И туман сгущается. Он, появившийся незаметно, становится плотным, зернистым, что творог. И кисловатым на вкус.
— Потом… потом меня отвезли на рынок… отдали торговцу… а тот… тот сказал, что я уже порченый товар и… все равно взял, потому что его людям нужна была женщина… я умоляла пощадить, но никто не слушал. Они все виноваты, понимаешь?
— Понимаю.
В красных глазах стояли слезы.
— Я просила оставить меня… просто оставить… хотя бы ненадолго, но… только смеялись… и тогда… я очень захотела, чтобы их не стало. Никого. Я… я захотела, и вот…
Она обвела город.
Пустые улицы.
Мертвые дома. Берег, который непостижимым образом был виден. И хотя это само по себе невозможно, но я при желании могла различить и пену, и сизоватые переливы волн.

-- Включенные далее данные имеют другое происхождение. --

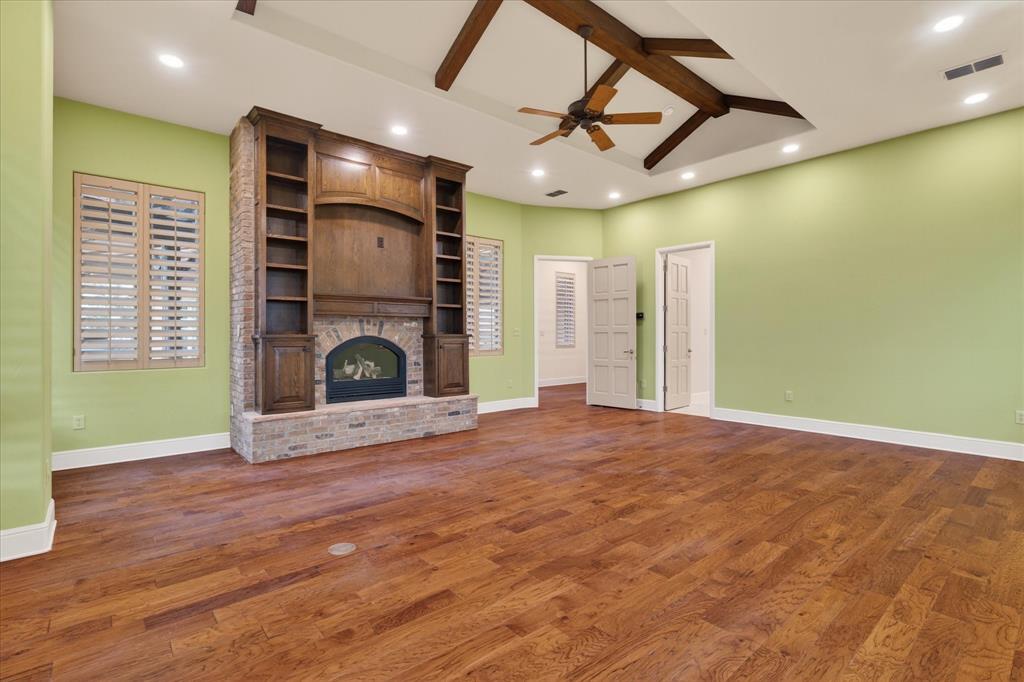 701 West Walcott Street Pilot Point, TX 76258 - Photo 24 of 40 Unfurnished living room featuring a fireplace, a ceiling fan, dark wood finished floors, recessed lighting, and vaulted ceiling with beams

— Мне жаль, — сказала я тихо и, повинуясь порыву, обняла чудовище. А она всхлипнула и, уткнувшись в плечо, пожаловалась:
— Я не могу уйти…
— А ты хочешь?
— Да…
Я ведь могу увести ее, но как…
В храме Дзегокудаё она получит свободу… и тело бы найти… останки наверняка сохранились, и если похоронить их, соблюдая все обряды, то… быть может… шанс есть…
— Ты… — слезы текли по белому лицу и таяли в тумане, — ты только осторожно… я не всегда помню себя… и еще не люблю мужчин. Мужчины злые… и больно делают. Я больше не позволю сделать мне больно.